Quel capitaine d'industrie au Cameroun a jamais pris sur lui de financer un titre de presse? Il y a peut-être Protais Ayangma avec le groupe «Mutations» et, un peu avant lui, Bayero Fadil avec «Dikalo» et «Challenge Hebdo». On connaît les raisons qui ont poussé un fabricant de savons à s'investir dans la communication. Mais comme il n'y avait pas mûrement réfléchi, l'aventure s'est avérée foireuse. «Dikalo» a le souffle court et ne défraie pas la chronique, «Challenge Hebdo» n'a paru qu'une seule fois. La prolifération des titres de presse ou de médias audiovisuels au Cameroun, sous couvert de libéralisation a été une volonté délibérée de l'Etat.

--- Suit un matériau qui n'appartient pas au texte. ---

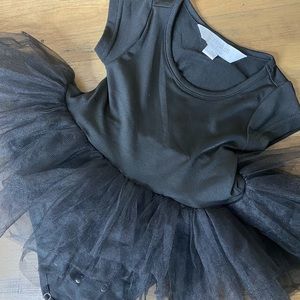 I love plum black tutu 6-12 months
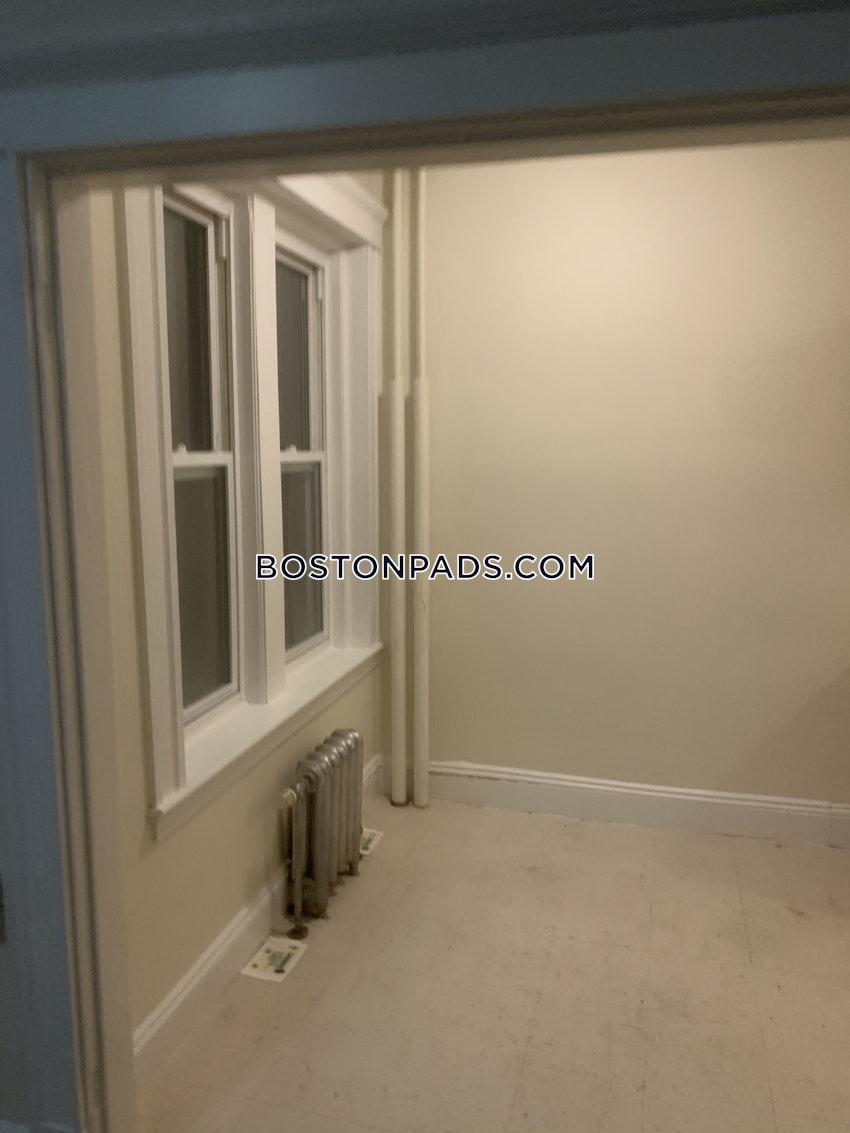 BOSTON - FENWAY/KENMORE - 1 Bed, 1 Bath - Image 14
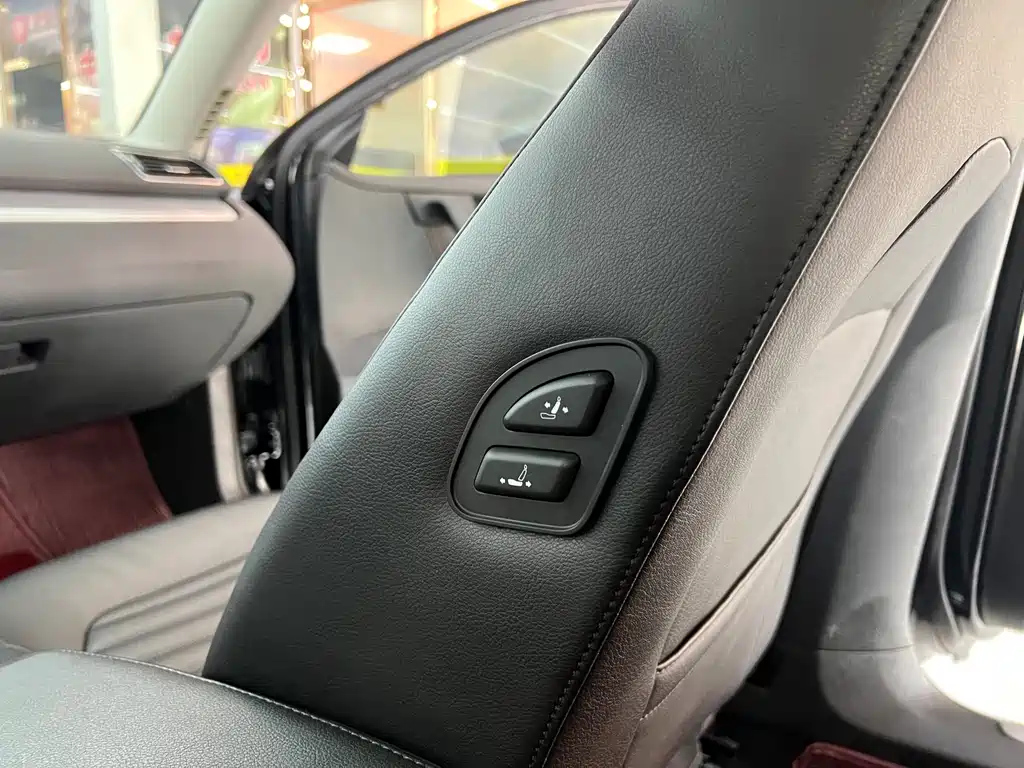 VOLKSWAGEN MAGOTAN 2016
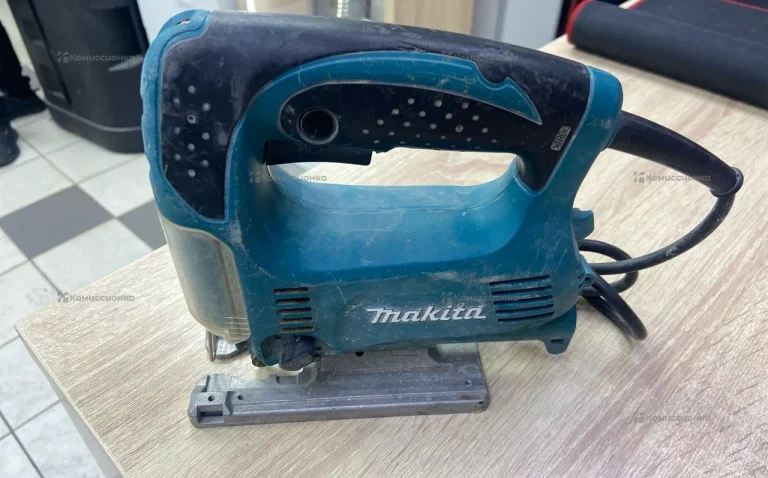 Электролобзик makita 4329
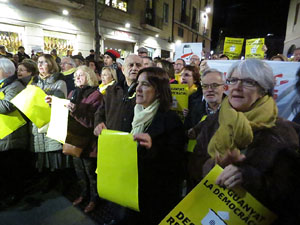 Concentraci&oacute; a la pla&ccedil;a del Vi de protesta pels tres mesos de pres&oacute; de Jordi S&agrave;nchez i Jordi Cuixart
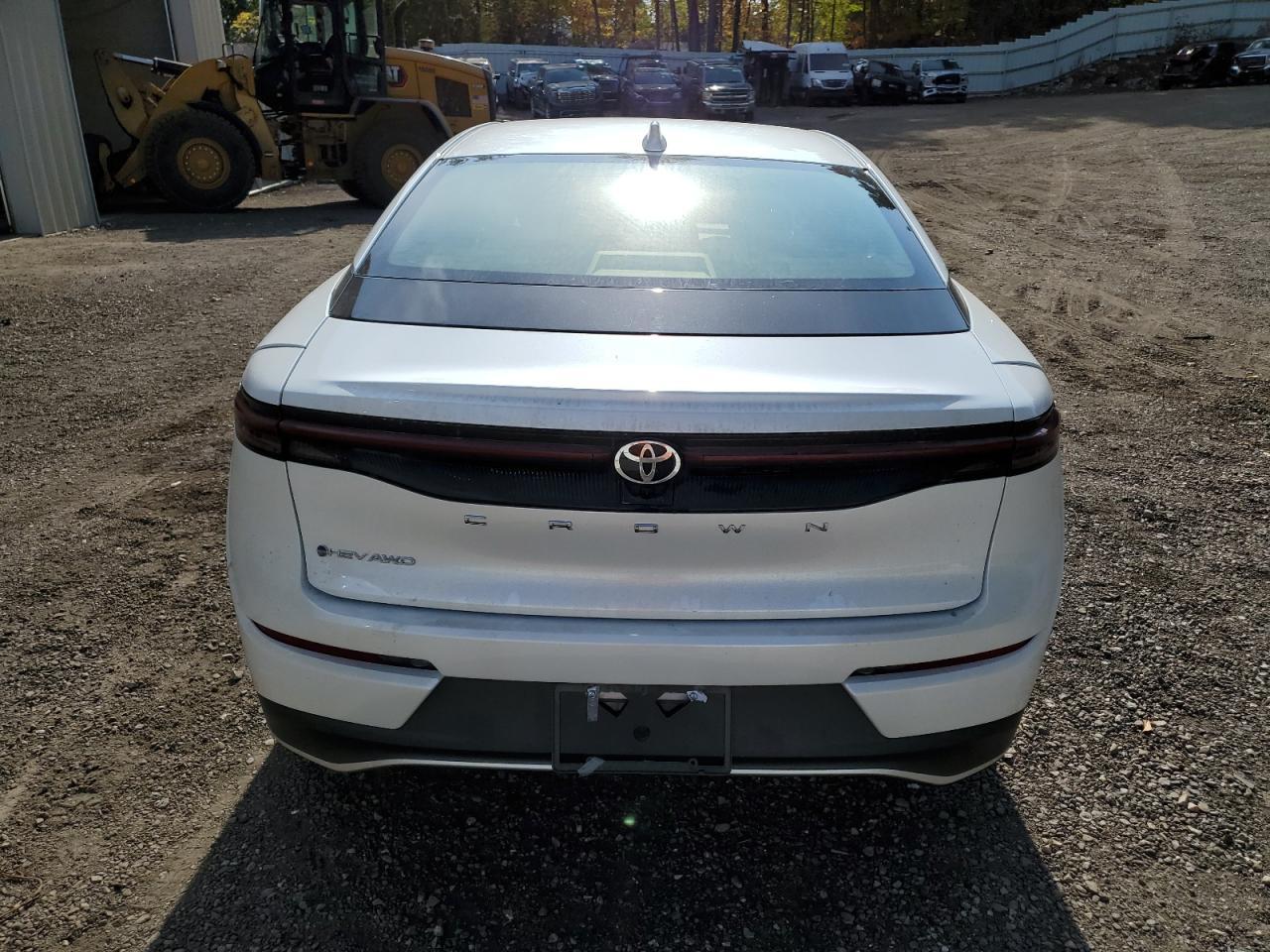 2026 Toyota Crown Xle - Image 6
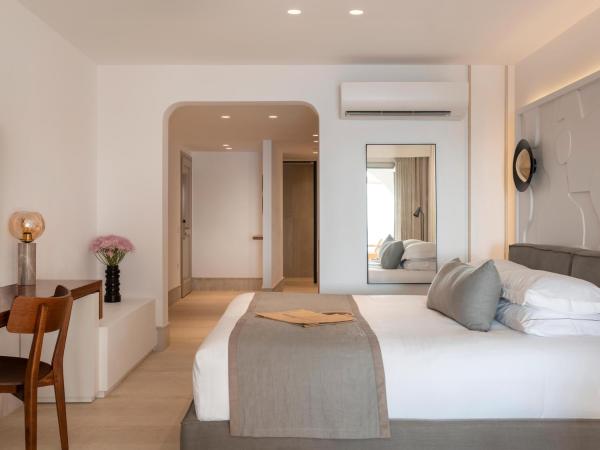 Santo Pure Oia Suites & Villas : photo 10 de la chambre suite junior lune de miel avec piscine - vue sur coucher de soleil et sur mer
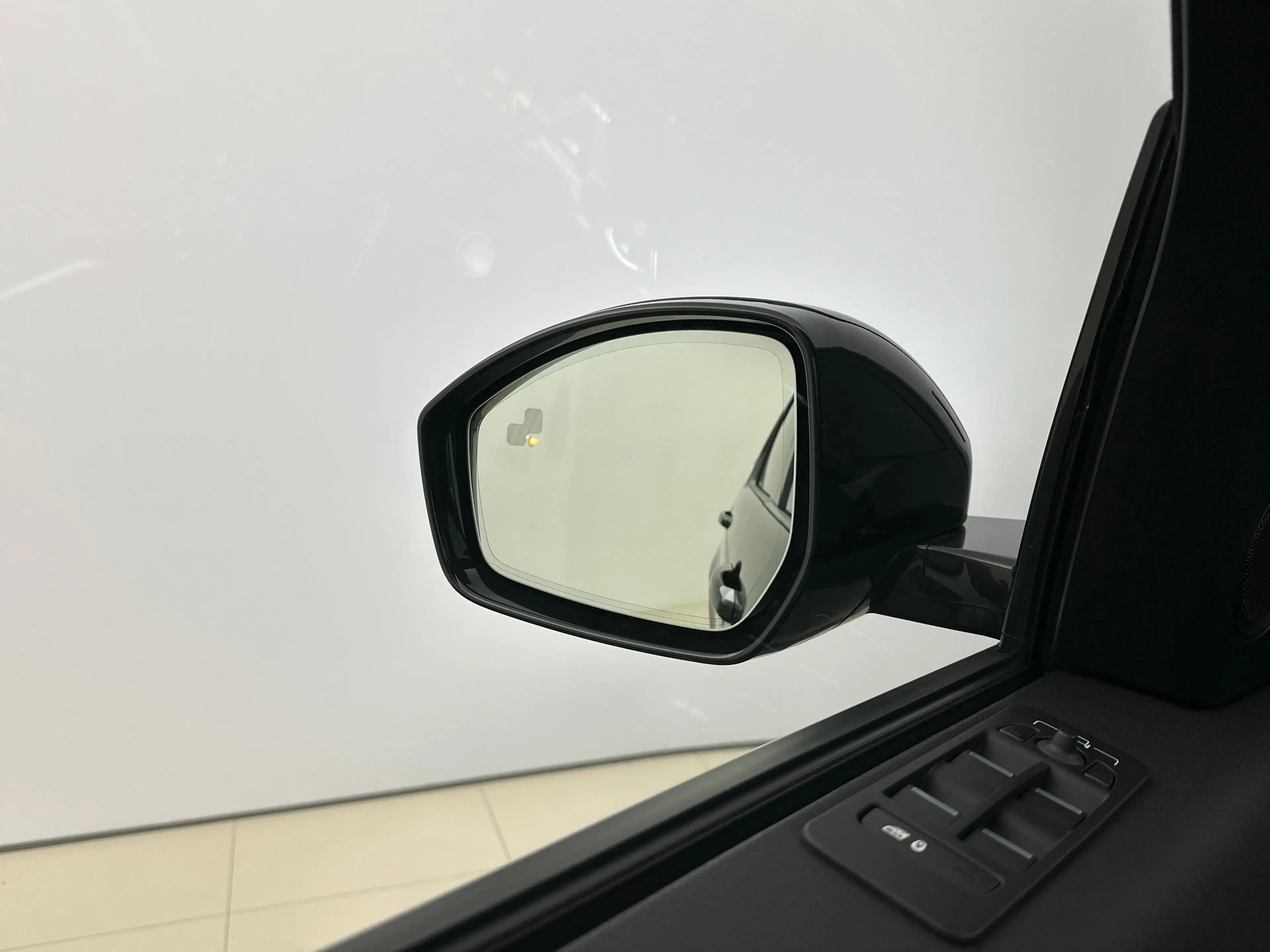 Land Rover Discovery Sport P270e Dynamic SE AWD Auto. 25.5MY — photo 14
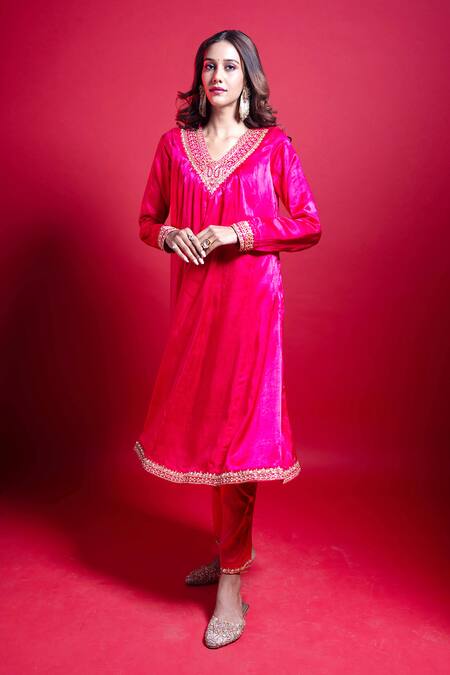 Aavya Paisley Embroidered Kurta Pant Set 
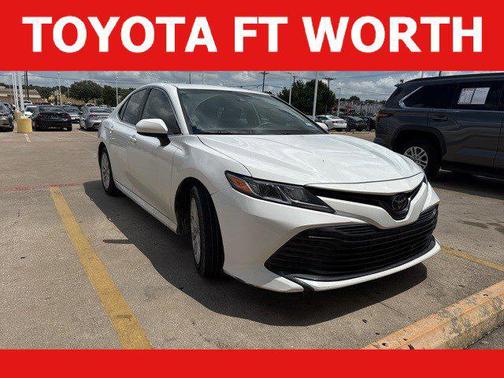 2020 Toyota Camry LE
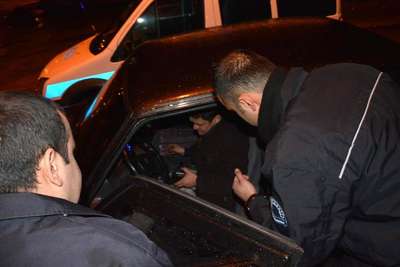 Elinde bira şişesiyle otomobilde sızan sürücüye para cezası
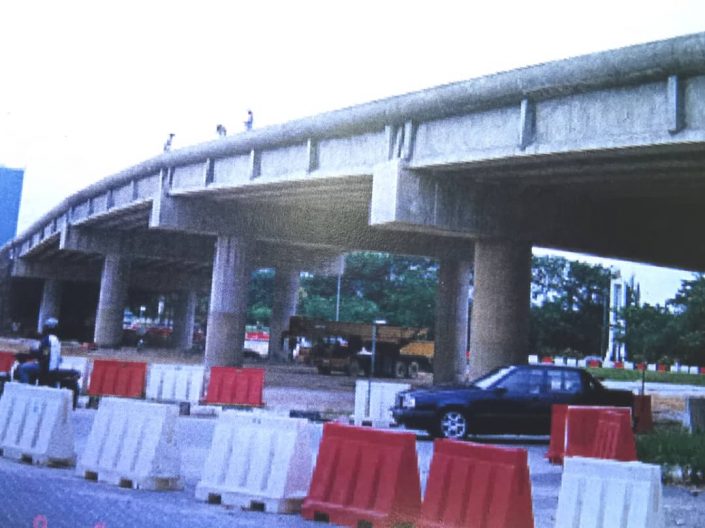 pembinaan jambatan 8 rentang melintasi bulatan selangor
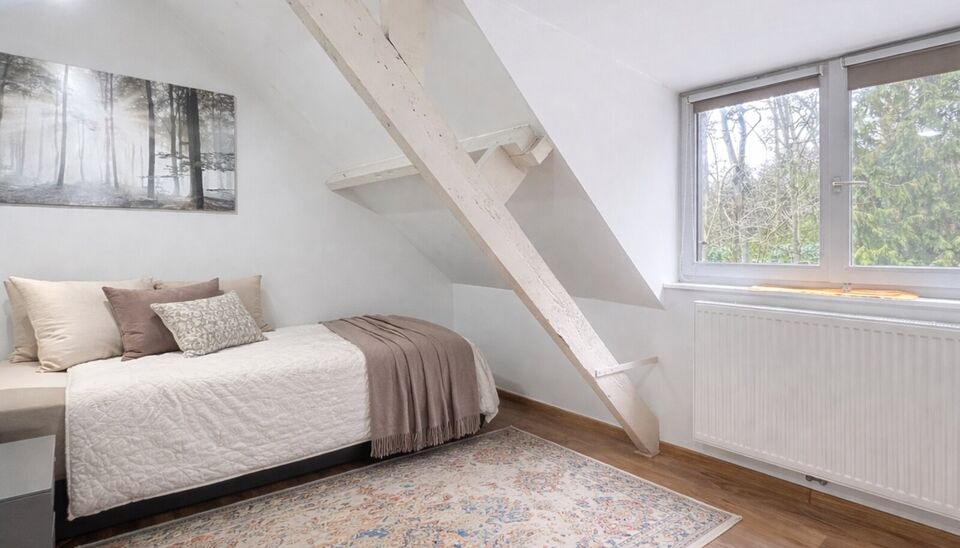 Verrassend ruime gerenoveerde gezinswoning met achterliggend magazijn en stijlvolle loft.
Achter deze gevel schuilt een uitzonderlijk ruime gerenoveerde woning waar wonen en werken perfect samenkomen.
De woning verwelkomt u in een woonkamer van ca. 30 m&sup2;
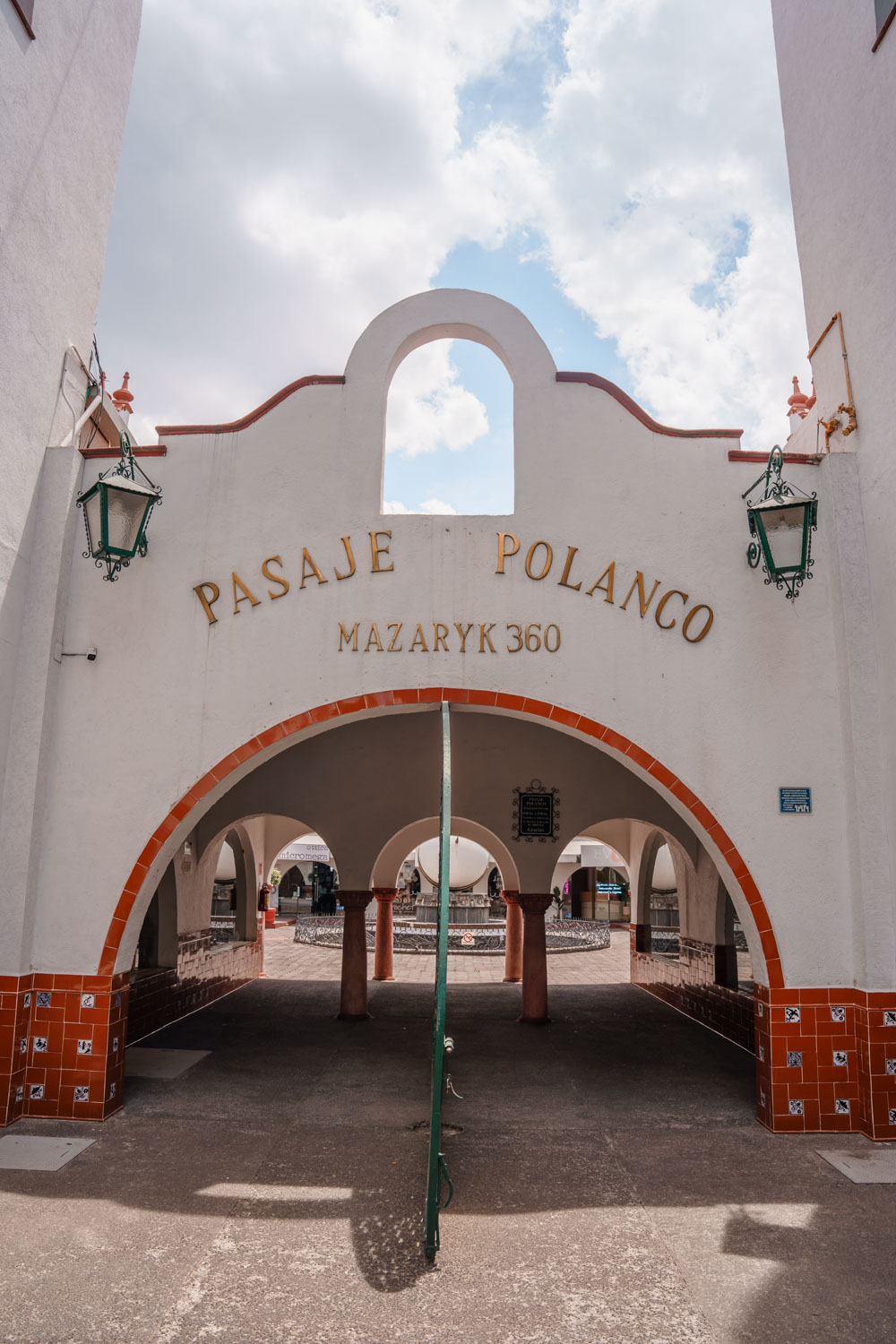 Pasaje Polanco Shopping Centre.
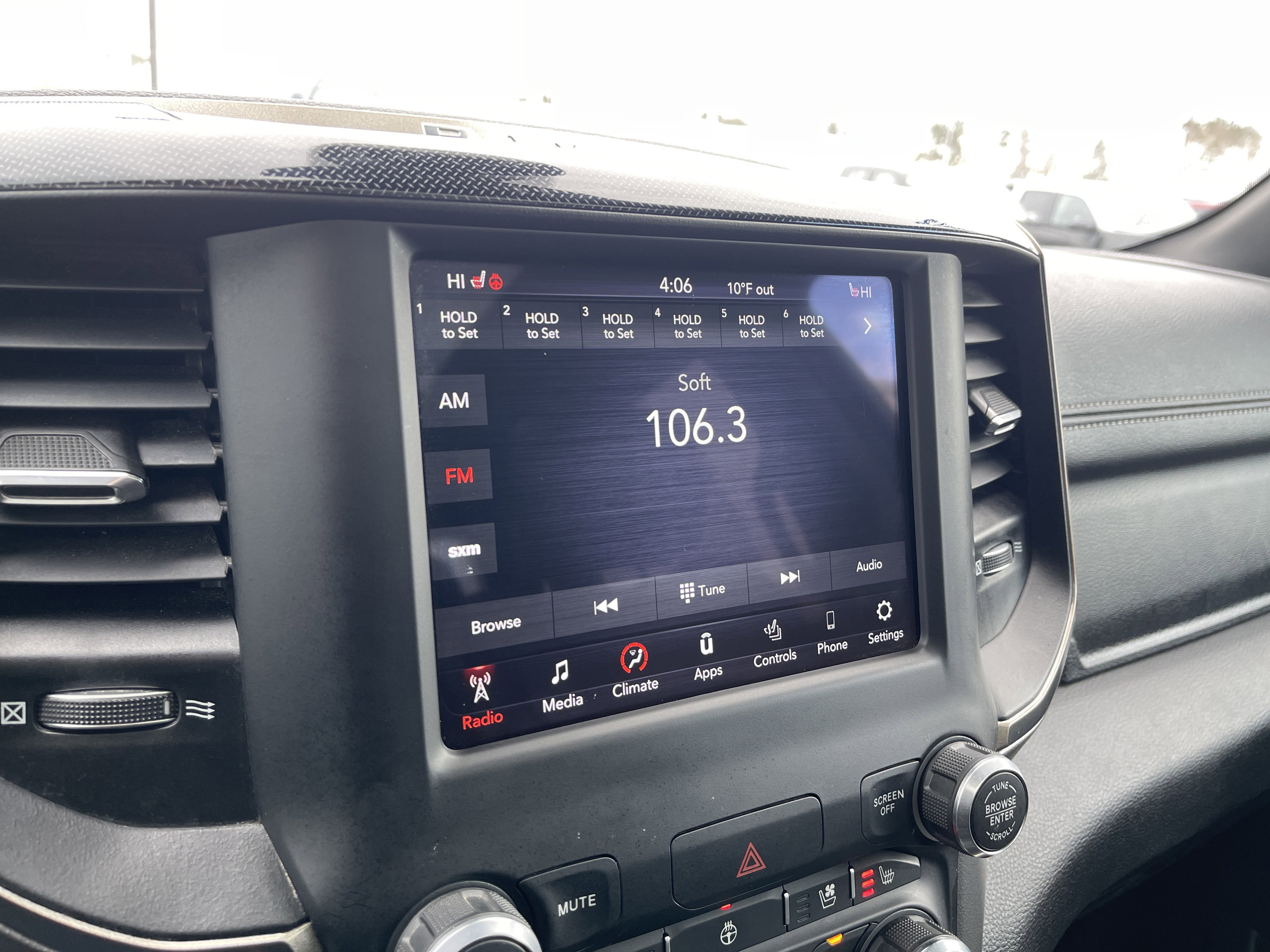 Used 2020 RAM 1500 Sport w/ Night Edition image 20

Sur les 300 organes de presse recensés au Cameroun aujourd'hui, l'Etat lui-même en a suscité près de la moitié. On dénombre près de trente chaînes de télévision et une centaine de chaînes FM, on n'en compte pas dix qui aient normalement acquitté les droits de licence à 50 ou à 100 millions. C'était fait exprès, pour créer le cafouillage. Exactement comme on a fait avec les partis politiques? Il en existe 200 ou 300 cents, c'est la mesure de la vitalité de la démocratie pour le régime, l'image servie à l'étranger. Mais le contexte reste nauséabond. Le régime n'aura qu'à s'en prendre à lui-même. En multipliant les partis politiques et en autorisant des candidatures les candidatures les plus farfelues à la présidentielle, en multipliant des candidats comme Gustave Essaka ou Jean Njeunga, Paul Biya gagne à coup sûr. C'est bien. C'est aussi bien que le même régime essuient des morsures venimeuses des cuistres qu'il a permis d'être journalistes ou patrons de presse au Cameroun.
L'avocat d'un enfer
Joseph Le est surprenant et admirable jus¬qu'au bout. Son papier à «Cameroon. Tribune» mérite d'être pris en compte dans une sélection de contributions commandées par l'Unesco. Mais il est aujourd'hui directeur adjoint du Cabinet Civil de la Présidence de la République, il n'en a heureusement pas oublié d'où il est parti. Le journalisme mène à tout, dit le dicton, mais on tient aussi de tout pour en être. C'est peut-être la leçon du vivant qu'il s'interdit d'apprendre maintenant qu'il doit défendre la cause d'un régime en péril de lui-même. L'unanimisme est une mauvaise tante en démocratie, l'objectivité et l'honnêteté sont de vilaines cousines.
A propos d'honnêteté, justement, Joseph Le s'est ramolli depuis qu'il est directeur adjoint du Cabinet Civil et PCA de Sopecam (Cameroon Tribune). Quand on est dans ces situations, on ne supporte pas qu'il y ait des bruits de micros ou des crépitements de plumes qui risquent de mettre à mal sa quiétude de haut fonctionnaire. La communication devient alors proactive, il se l'impose comme le devoir à domicile d'un potache du cours élémentaire pour faire plaisir à son maître.